La Place des Clichés - Extratos

... O sistema de transporte público parisiense é fantástico, mas não funciona vinte e quatro horas por dia. É tão eficiente e tão utilizado que, quando faz sua interrupção diária, em torno de uma hora da manhã, deixa os boêmios e os trabalhadores noturnos a ver navios. Para estes, restam algumas opções: esperar a retomada da circulação do metrô, por volta das cinco e meia da madrugada, pegar o ônibus noturno, simplesmente andar e, mais recentemente, ir de Velib. A opção mais radical é pegar um taxi, ou melhor, tentar. Ah, os taxis parisienses. Se existe algo indelével nesta cidade, ei-lo. E não se trata de uma mera implicância de um carioca acostumado com o problema inverso, ou seja, taxistas que às vezes chegam até mesmo a sair no tapa disputando passageiros em plena Av. Nossa Senhora de Copacabana. A virtualidade dos taxis parisienses é reconhecida internacionalmente !

Os taxis aqui são modernos, muitas Mercedes-Benz com banco de couro, GPS e em um sistema de luz que indica se o taxi está disponível. É fácil ver, na noite de Paris, taxis circulando com a luz apagada, o problema é achar um taxi com a luz acesa, vazio. Para ter sucesso nesta empreitada, é necessário se deslocar até um dos pontos de taxi e esperar na longa fila. Neste caso, vale a pena ter à mão um livro (a Odisséia de Homero vai bem, tanto pelo tamanho quanto pelo tema, que combina) e uma cadeira de praia. Arrependi-me amargamente de não ter trazido a minha do Rio.

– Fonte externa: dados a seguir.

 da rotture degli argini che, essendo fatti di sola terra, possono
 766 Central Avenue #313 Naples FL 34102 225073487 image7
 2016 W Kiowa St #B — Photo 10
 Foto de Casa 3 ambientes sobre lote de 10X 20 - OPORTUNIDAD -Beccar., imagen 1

Uma outra possibilidade é achar uma das raras partes da cidade onde a probabilidade de um taxi vazio passar é diferente de zero. Mesmo sem conhecer bem a cidade, até que é bem fácil identificar estes lugares, que vão estar pontuados por pessoas na calçada ou andando na rua pela contramão, olhando ansiosamente para os carros que passam, com o braço e o dedo indicador esticados, ou ainda, atravessando a rua correndo sem olhar para os lados (não, não é tentativa de suicídio, estão apenas tentando alcançar um taxi que passa no sentido inverso). Quando um taxista infeliz para entre dois grupos não muito distantes entre si, em geral sai briga e o taxista acelera, deixa a pancadaria rolando e pega o cliente que inevitavelmente encontrá alguns metros mais à frente.

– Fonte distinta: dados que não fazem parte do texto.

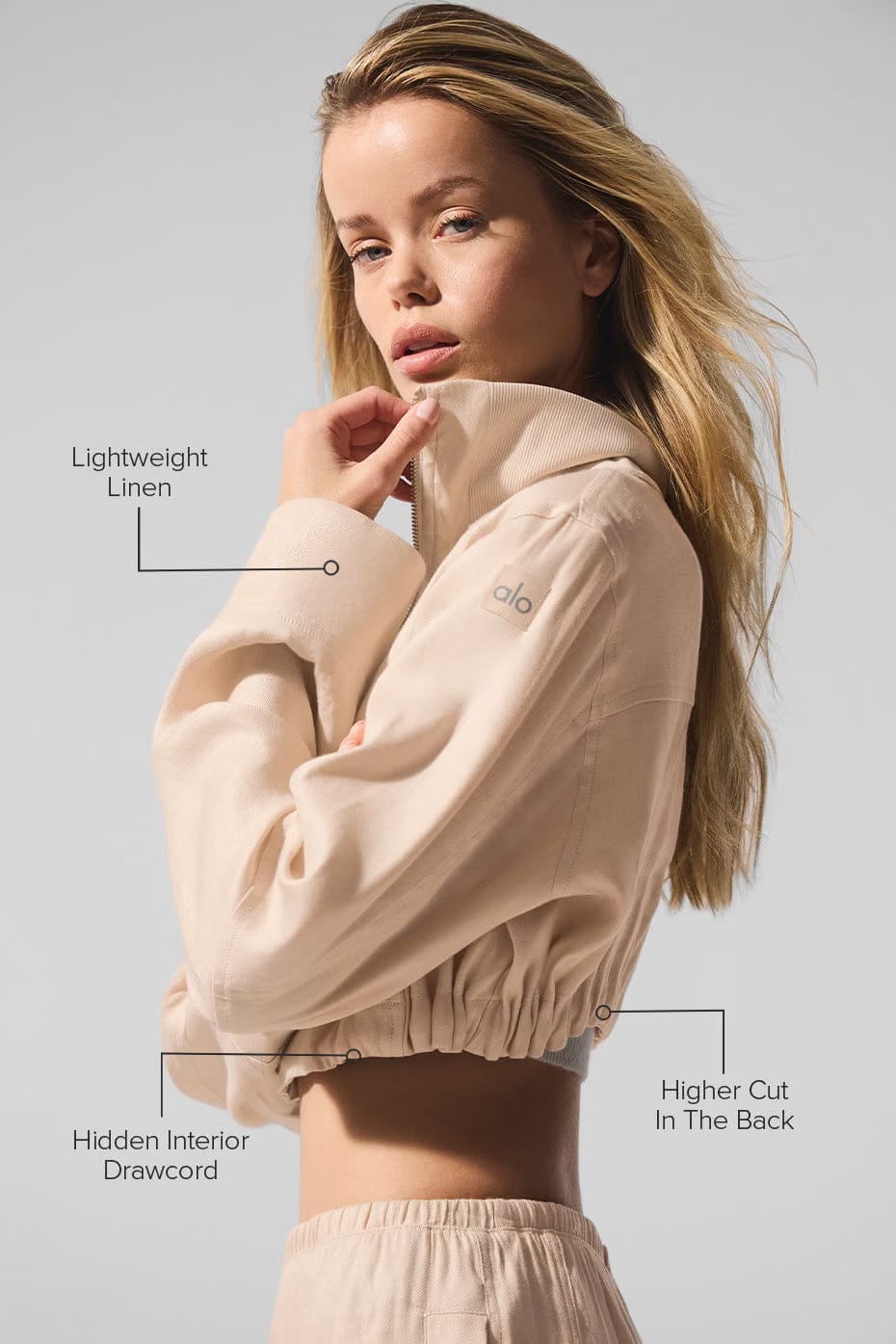 Alo Yoga Linen Cropped Getaway Jacket - Macadamia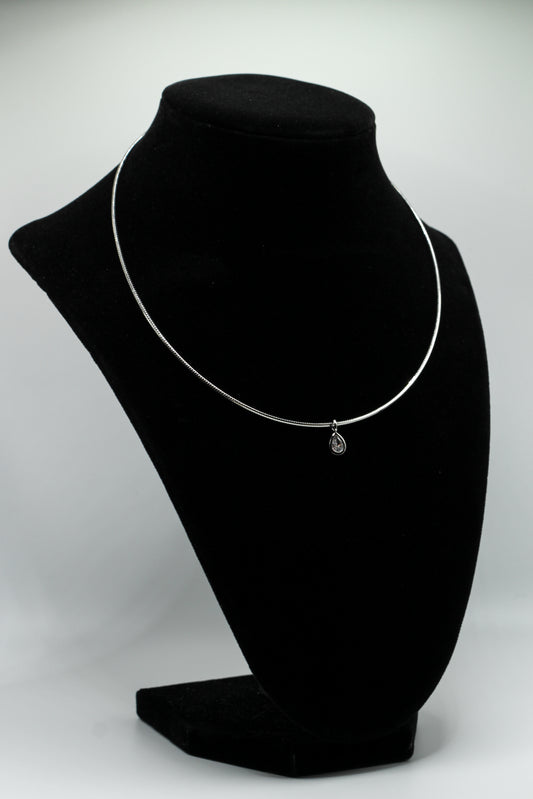 SILVER PEAR BEZEL WIRE NECKLACE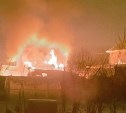 Частный дом в Южно-Сахалинске полностью охватило огнем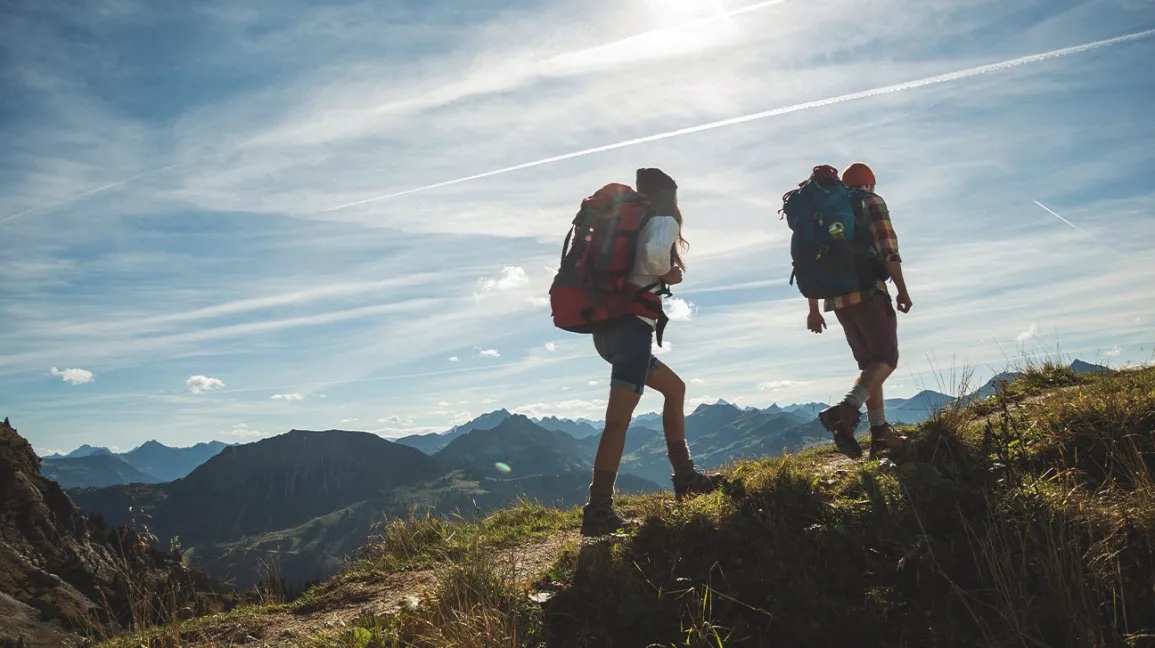 FEDAFormacion's tweet photo. El #verano es una de las mejores épocas para descubrir nuevas rutas de #senderismo, ¿nos dices tus favoritas? https://t.co/m4sbJIfJAb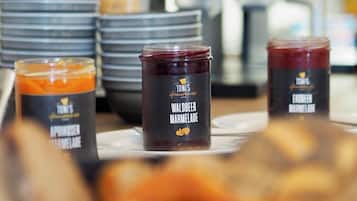 Tägliches Frühstücksbuffet gegen Gebühr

No entanto, às vezes vê-se um taxi vazio e, com mais um pouco de sorte, é possível abordá-lo antes de outros clientes. O golpe de sorte final terá acontecido se o seu destino - que invariavelmente será objeto de curiosidade do taxista antes da porta se abrir - convier a este. Na primeira vez que consegui um taxi, fiquei tão feliz que ao chegar em casa comemorei com champanhe. Nacional, é claro...

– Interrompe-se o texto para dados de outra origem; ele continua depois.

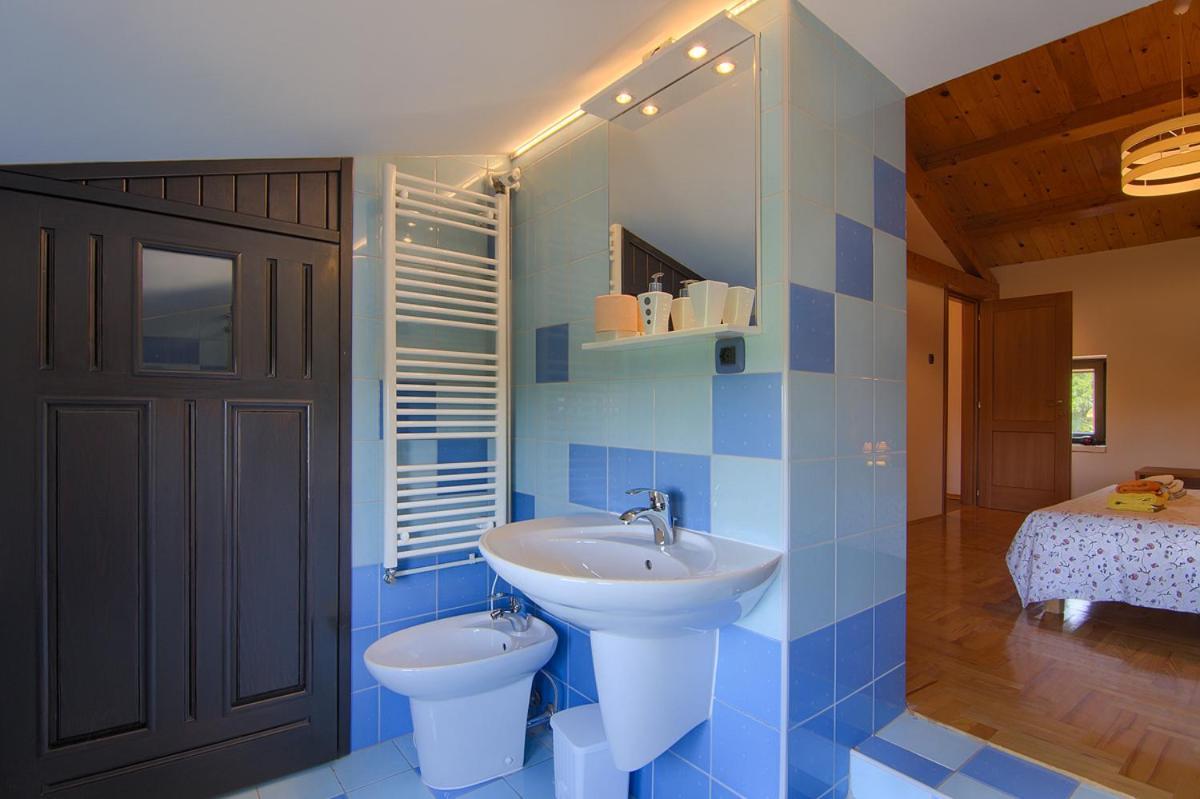 Holiday Home Kukurin Bale Bagian luar foto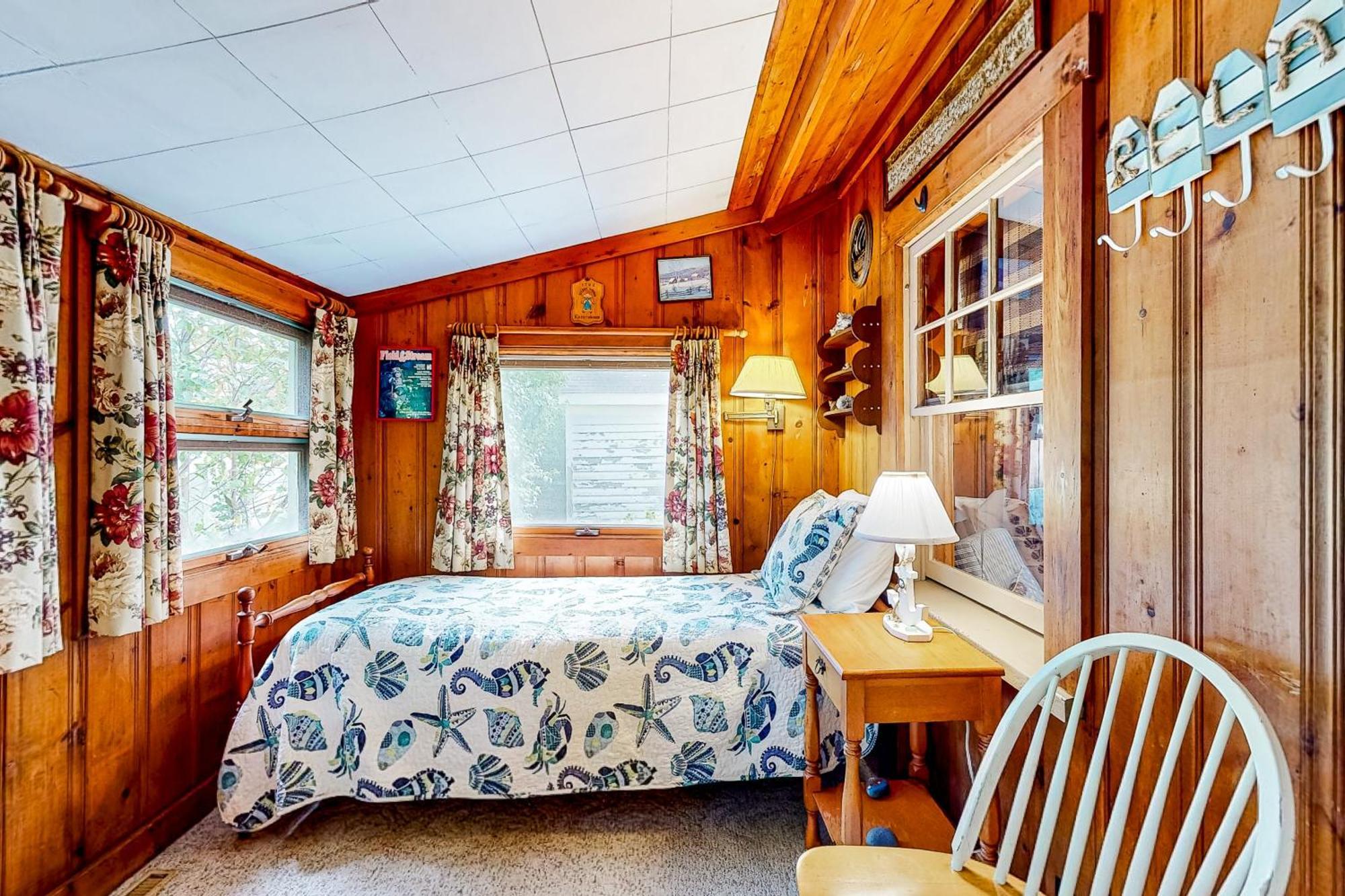 Otis Cottages York Room photo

segunda-feira, 20 de abril de 2009

Achados e Perdidos – Parte III : Roubado?

Ato final

Dusseldorf, Inverno 2009. Coloco a carteira no bolso traseiro da calça jeans e com pressa dirijo-me à estação de trem. Meu irmão me acompanha durante os 15 minutos de caminhada. Um pouco antes de embarcar, tateio o bolso e não sinto a carteira. Procuro na mochila, nos bolsos do casaco, mas apenas por desencargo, pois tinha a certeza de que a havia colocado no bolso traseiro da calça. Impossível saber ao certo o que ocorrera : se ela simplesmente caíra do bolso, ou se me fora subtraída por um exímio batedor de carteiras.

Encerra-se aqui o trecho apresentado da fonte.